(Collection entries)

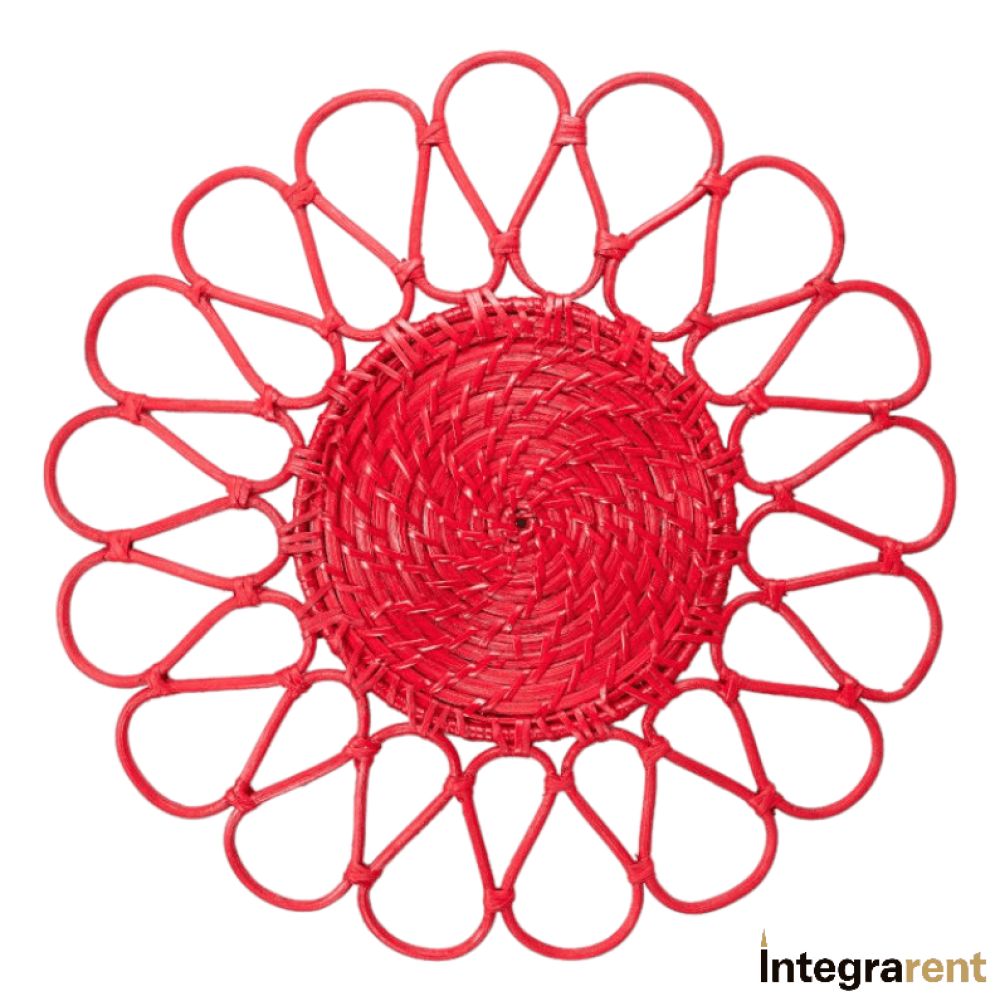 Noleggio sottopiatto rattan fiore rosso per Catering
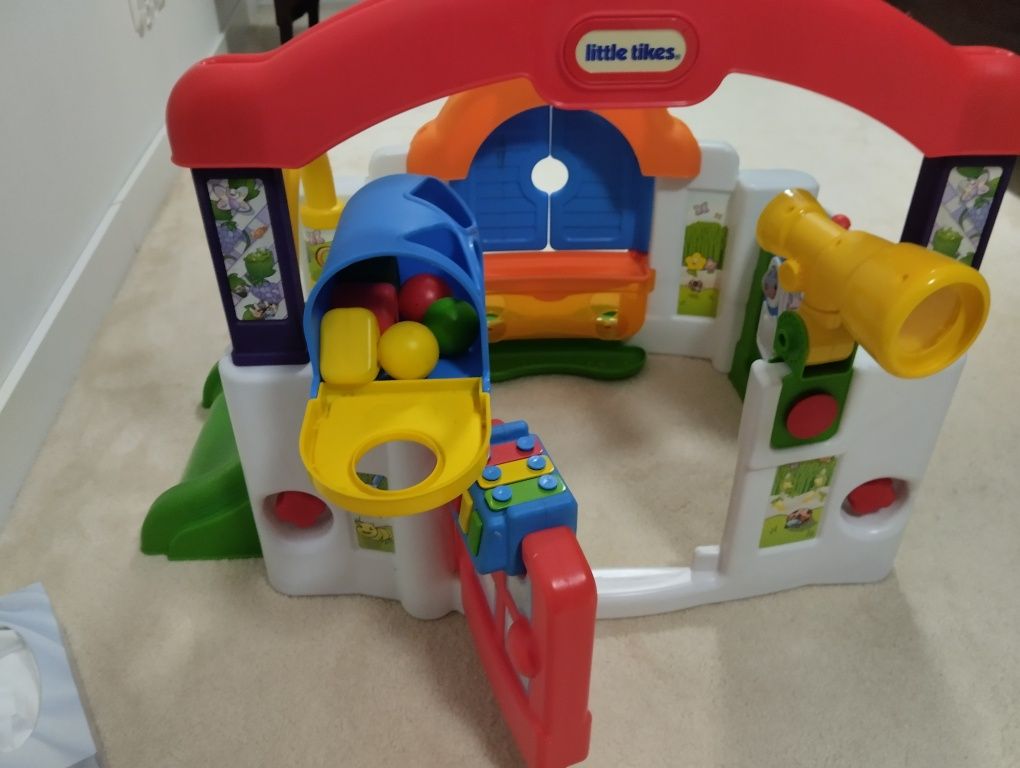 Plac zabaw- domek edukacyjny firmy Little tickes
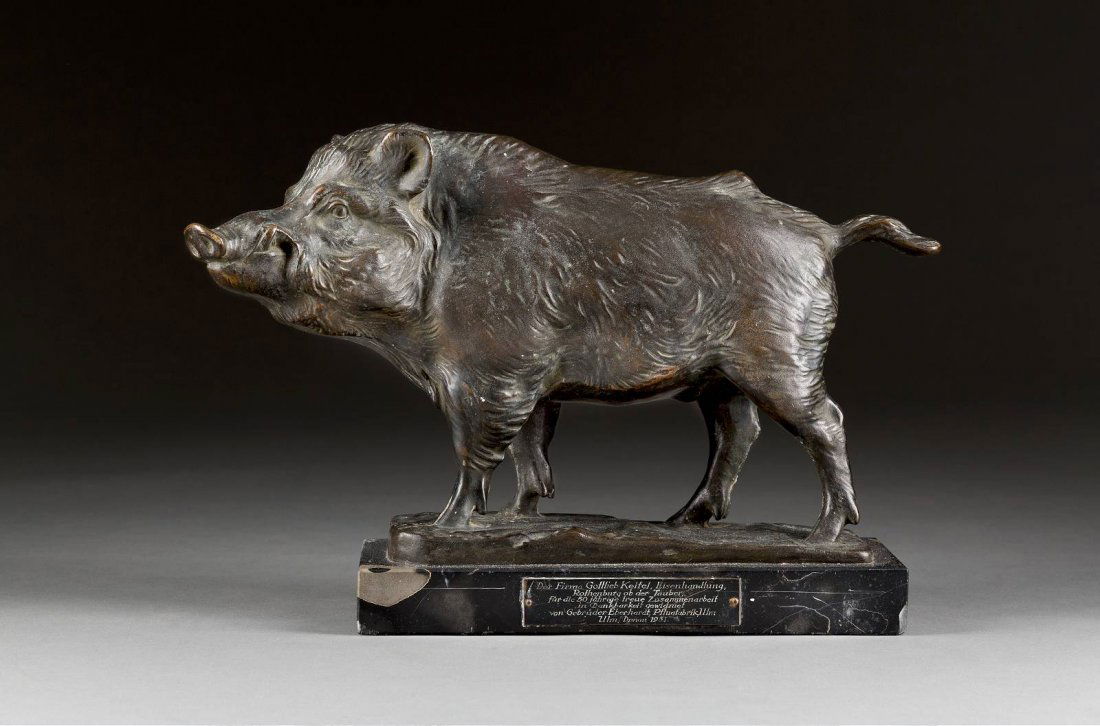 FRITZ DILLER 1875 Gertshausen/Thüringen - 1946 München: FRITZ DILLER 1875 Gertshausen/Thüringen - 1946 München Keiler Bronze, braun patiniert. Ges.- H. 23 cm, H. 20 cm (Figur). Auf der Plinthe bezeichnet und datiert 'F. Diller (19)39', mit Gießereistemp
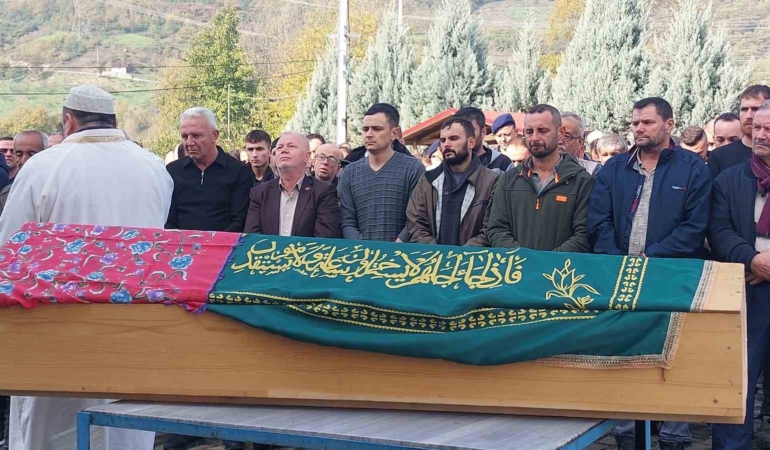 bu-aciya-yurek-dayanmaz-minicik-beden-kocaman-tabut-h7WJk6S5.jpg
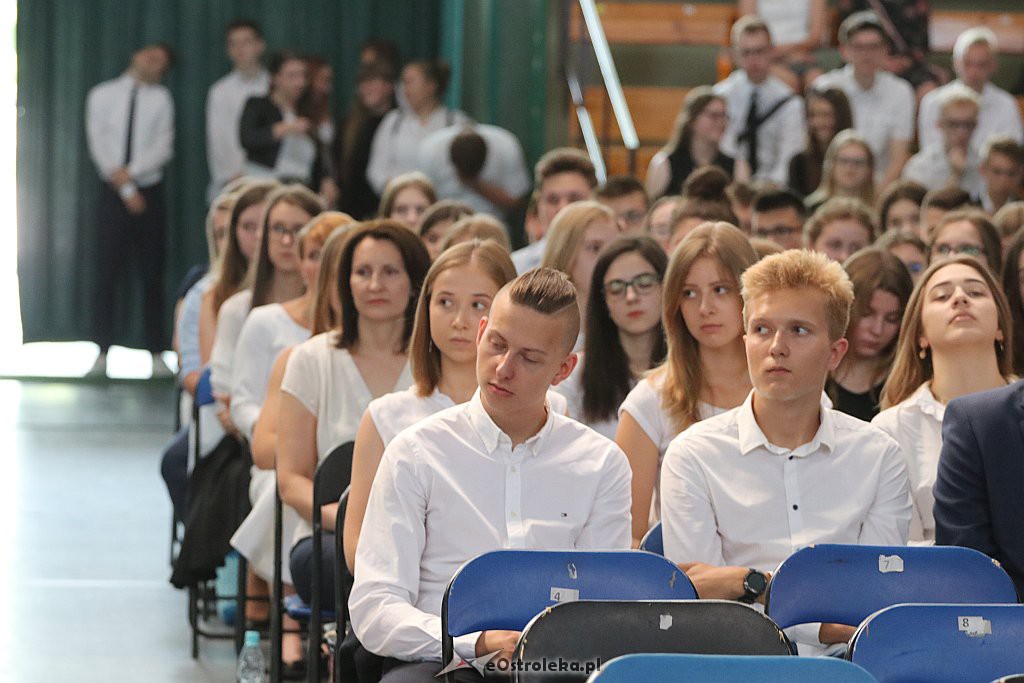 Zakończenie roku szkolnego w II LO [19.06.2019] - zdjęcie #33 - eOstroleka.pl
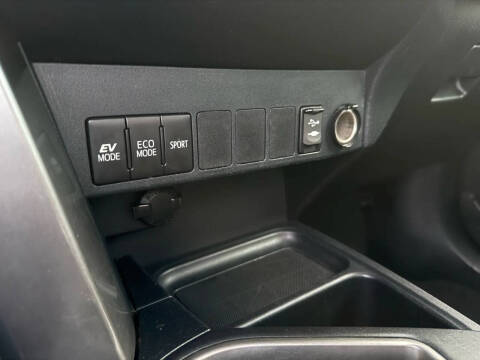 2016 Toyota RAV4 Hybrid XLE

Task to complete
Give back, exactly and without pictures, the stretch of the records above from the line containing "FRITZ DILLER 1875 Gertshausen/Thüringen - 1946 München: FRITZ" through the line containing "Zakończenie roku szkolnego", with both end lines included.

Solution for this problem
 FRITZ DILLER 1875 Gertshausen/Thüringen - 1946 München: FRITZ DILLER 1875 Gertshausen/Thüringen - 1946 München Keiler Bronze, braun patiniert. Ges.- H. 23 cm, H. 20 cm (Figur). Auf der Plinthe bezeichnet und datiert 'F. Diller (19)39', mit Gießereistemp
 bu-aciya-yurek-dayanmaz-minicik-beden-kocaman-tabut-h7WJk6S5.jpg
 Zakończenie roku szkolnego w II LO [19.06.2019] - zdjęcie #33 - eOstroleka.pl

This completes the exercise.